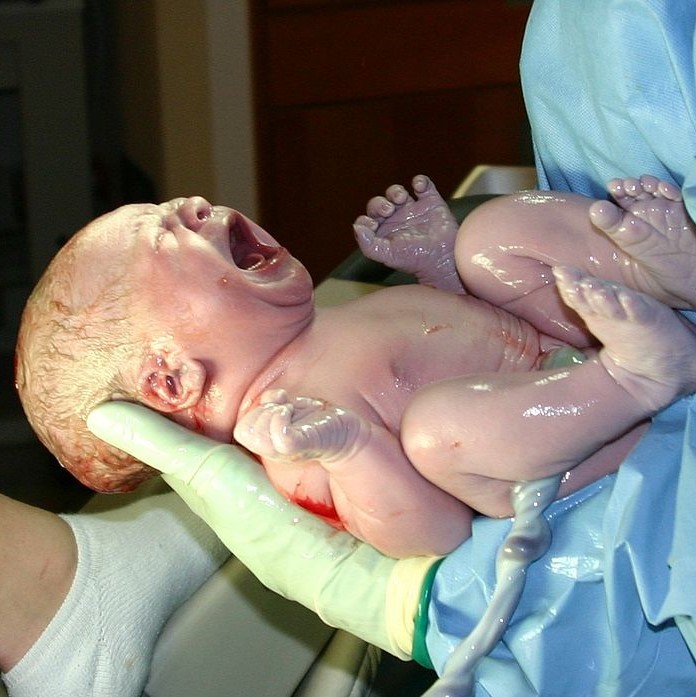 An infant, with umbilical cord still attached, is cradled in a nurse's arms shortly after birth. An infant, with umbilical cord still attached, is cradled in a nurse's arms shortly after birth.
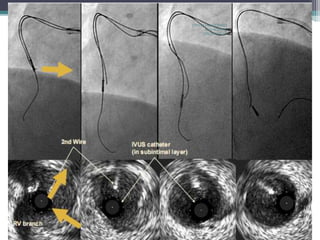 CTO-MANAGEMENT
AND WIRING
TECHNIQUES
 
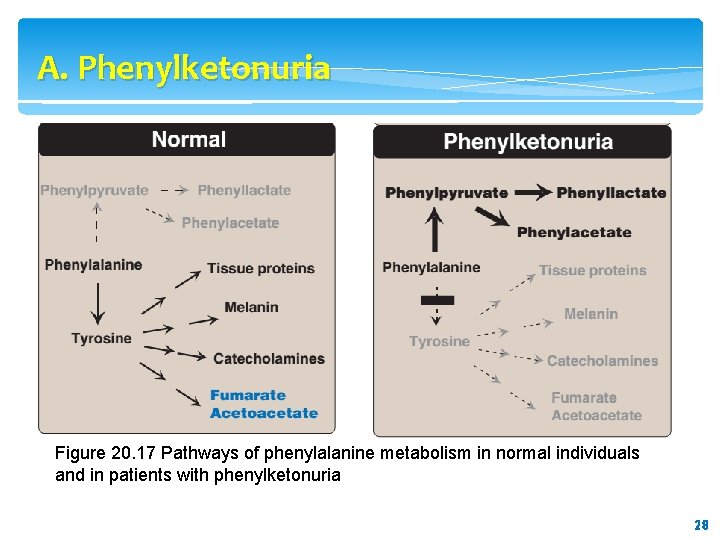 A. Phenylketonuria Figure 20. 17 Pathways of phenylalanine metabolism in normal individuals and in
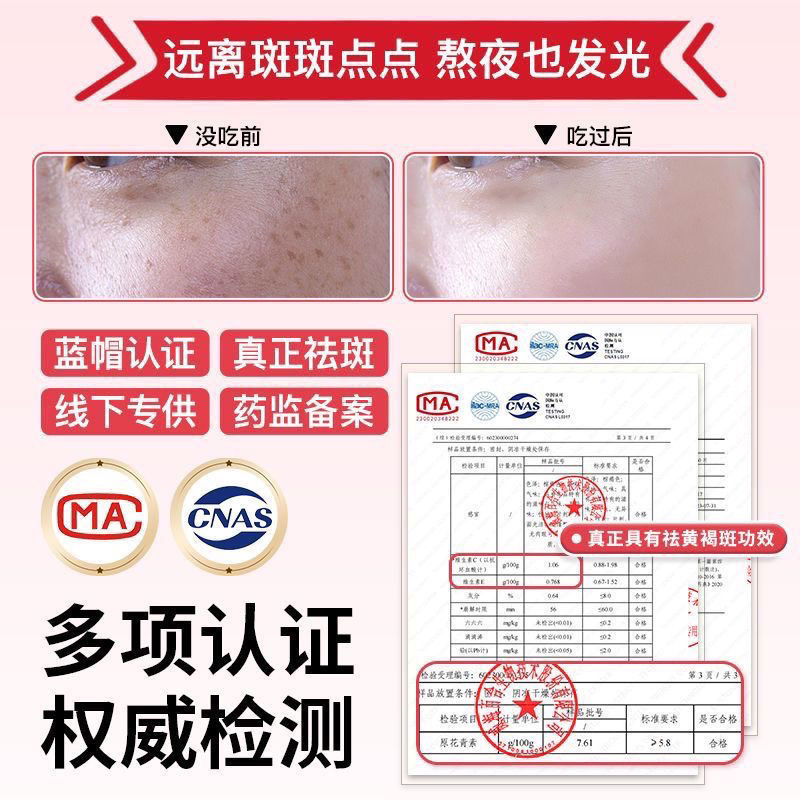 Viên Uống Trắng Da, Giảm Nám Tàn Nhang Hạt Nho Hoa Hồng Bột Proanthocyanidin Vitamin CE- Giảm Mụn, Thâm Hộp 40v
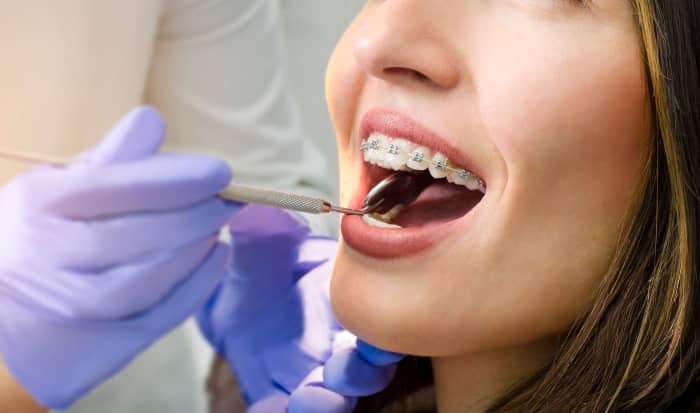 Once you get your braces on, cleaning your teeth thoroughly is crucial.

● Task objective:
Your task is to repeat the material above exactly, without its pictures.

● Exercise response:
 An infant, with umbilical cord still attached, is cradled in a nurse's arms shortly after birth. An infant, with umbilical cord still attached, is cradled in a nurse's arms shortly after birth.
 CTO-MANAGEMENT
AND WIRING
TECHNIQUES
 
 A. Phenylketonuria Figure 20. 17 Pathways of phenylalanine metabolism in normal individuals and in
 Viên Uống Trắng Da, Giảm Nám Tàn Nhang Hạt Nho Hoa Hồng Bột Proanthocyanidin Vitamin CE- Giảm Mụn, Thâm Hộp 40v
 Once you get your braces on, cleaning your teeth thoroughly is crucial.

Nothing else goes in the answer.